TASK: Which lines in the records below mention the word "Vintage"? Copy each one out.

[Brief descriptive captions]
+---+
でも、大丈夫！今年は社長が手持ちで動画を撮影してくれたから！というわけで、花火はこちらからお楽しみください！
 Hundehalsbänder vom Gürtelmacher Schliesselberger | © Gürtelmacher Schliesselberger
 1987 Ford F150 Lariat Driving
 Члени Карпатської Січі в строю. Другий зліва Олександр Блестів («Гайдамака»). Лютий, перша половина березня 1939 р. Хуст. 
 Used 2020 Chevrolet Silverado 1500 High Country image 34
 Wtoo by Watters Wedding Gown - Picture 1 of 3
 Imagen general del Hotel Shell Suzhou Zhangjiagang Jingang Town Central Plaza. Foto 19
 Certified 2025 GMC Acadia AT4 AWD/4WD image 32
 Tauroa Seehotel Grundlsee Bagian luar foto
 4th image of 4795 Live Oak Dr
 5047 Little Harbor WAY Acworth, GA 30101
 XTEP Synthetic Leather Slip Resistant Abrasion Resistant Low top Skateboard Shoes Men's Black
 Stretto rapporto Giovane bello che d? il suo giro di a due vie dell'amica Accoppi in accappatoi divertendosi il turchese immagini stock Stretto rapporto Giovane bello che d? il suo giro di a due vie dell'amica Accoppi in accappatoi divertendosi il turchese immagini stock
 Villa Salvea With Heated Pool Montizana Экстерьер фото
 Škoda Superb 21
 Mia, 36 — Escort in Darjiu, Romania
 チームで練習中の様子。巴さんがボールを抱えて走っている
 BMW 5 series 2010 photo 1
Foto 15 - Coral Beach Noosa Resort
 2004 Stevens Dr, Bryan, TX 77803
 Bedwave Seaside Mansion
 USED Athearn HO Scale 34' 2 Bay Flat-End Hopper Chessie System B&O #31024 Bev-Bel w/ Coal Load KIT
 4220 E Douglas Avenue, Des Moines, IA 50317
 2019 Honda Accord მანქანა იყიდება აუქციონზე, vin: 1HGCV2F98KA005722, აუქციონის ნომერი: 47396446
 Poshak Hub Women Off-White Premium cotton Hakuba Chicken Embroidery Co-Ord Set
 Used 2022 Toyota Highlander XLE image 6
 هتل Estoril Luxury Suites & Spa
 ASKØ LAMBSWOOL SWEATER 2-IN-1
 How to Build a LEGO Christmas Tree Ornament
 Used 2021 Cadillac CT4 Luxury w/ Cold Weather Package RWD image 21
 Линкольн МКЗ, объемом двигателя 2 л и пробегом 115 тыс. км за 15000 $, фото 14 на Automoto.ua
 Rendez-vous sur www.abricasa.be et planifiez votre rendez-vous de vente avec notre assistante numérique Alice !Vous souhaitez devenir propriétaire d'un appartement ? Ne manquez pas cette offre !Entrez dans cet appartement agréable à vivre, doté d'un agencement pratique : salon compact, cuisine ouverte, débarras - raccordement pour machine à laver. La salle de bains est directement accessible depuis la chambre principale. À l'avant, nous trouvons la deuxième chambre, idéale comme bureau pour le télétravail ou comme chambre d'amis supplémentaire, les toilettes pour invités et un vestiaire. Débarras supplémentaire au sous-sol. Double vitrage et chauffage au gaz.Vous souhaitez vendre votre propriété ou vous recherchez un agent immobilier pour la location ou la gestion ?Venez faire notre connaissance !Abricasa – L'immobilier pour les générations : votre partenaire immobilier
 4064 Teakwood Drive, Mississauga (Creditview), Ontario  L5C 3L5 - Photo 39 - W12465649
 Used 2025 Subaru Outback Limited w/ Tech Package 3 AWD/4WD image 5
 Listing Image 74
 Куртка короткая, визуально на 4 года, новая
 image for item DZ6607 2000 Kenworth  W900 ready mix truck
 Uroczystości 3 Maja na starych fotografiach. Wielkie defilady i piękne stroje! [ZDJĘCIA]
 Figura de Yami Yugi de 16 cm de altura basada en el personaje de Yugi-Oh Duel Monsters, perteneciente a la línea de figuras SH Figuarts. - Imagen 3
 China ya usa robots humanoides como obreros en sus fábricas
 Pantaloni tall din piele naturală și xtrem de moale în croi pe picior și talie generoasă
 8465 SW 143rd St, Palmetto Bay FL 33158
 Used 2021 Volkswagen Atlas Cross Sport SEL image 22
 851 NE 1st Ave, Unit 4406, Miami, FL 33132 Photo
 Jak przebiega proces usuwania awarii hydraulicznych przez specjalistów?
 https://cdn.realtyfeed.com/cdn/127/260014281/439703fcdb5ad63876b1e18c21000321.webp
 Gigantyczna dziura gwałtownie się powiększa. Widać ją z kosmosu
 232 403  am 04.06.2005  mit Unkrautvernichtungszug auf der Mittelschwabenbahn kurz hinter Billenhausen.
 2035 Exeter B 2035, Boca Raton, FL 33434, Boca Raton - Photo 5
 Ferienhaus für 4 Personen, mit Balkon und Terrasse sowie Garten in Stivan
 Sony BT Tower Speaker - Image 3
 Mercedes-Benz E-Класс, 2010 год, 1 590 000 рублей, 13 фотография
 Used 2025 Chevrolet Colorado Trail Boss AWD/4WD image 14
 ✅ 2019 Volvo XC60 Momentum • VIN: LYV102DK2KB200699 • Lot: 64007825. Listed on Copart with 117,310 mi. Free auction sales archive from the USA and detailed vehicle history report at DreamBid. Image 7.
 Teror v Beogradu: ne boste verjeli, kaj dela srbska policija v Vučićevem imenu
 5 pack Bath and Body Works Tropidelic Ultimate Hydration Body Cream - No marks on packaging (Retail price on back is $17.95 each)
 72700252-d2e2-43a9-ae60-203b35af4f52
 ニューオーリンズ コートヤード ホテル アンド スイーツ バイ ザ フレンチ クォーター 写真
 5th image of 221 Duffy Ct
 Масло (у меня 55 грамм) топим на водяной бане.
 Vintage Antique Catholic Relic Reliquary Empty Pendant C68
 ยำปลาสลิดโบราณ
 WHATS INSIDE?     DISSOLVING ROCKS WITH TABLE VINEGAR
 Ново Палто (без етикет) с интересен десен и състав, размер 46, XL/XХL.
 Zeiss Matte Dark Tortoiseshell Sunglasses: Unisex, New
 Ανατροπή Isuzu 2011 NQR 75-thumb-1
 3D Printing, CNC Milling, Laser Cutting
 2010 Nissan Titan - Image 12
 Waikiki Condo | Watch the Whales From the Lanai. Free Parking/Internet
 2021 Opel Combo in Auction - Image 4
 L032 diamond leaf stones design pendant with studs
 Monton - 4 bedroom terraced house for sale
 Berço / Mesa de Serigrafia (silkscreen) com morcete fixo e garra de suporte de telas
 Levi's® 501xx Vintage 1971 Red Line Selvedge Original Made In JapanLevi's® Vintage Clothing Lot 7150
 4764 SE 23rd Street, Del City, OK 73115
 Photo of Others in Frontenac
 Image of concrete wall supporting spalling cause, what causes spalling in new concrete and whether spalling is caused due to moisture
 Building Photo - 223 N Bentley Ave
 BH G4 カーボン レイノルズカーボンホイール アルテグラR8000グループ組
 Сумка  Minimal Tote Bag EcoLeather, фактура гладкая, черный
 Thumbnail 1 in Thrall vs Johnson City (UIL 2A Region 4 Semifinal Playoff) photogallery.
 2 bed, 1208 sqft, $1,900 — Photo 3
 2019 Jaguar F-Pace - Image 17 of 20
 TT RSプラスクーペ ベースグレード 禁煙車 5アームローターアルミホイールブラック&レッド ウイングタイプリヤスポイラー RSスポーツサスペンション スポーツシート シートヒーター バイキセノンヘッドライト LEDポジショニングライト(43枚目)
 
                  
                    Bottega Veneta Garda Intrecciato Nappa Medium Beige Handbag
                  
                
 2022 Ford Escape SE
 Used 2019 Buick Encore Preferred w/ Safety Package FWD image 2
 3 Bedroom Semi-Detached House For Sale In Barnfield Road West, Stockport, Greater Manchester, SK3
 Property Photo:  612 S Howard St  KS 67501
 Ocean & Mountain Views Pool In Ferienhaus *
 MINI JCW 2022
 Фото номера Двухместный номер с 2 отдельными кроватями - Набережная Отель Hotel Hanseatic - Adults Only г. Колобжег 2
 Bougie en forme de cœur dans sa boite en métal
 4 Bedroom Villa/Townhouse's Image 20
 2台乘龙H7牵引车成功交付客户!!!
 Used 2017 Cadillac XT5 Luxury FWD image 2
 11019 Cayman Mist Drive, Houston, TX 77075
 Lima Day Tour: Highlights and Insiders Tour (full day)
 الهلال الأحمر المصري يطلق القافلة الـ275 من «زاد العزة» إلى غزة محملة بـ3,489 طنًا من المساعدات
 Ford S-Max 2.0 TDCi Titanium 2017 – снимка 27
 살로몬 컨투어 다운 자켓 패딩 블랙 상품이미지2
+---+
EXERCISE RESPONSE:
 Vintage Antique Catholic Relic Reliquary Empty Pendant C68
 Levi's® 501xx Vintage 1971 Red Line Selvedge Original Made In JapanLevi's® Vintage Clothing Lot 7150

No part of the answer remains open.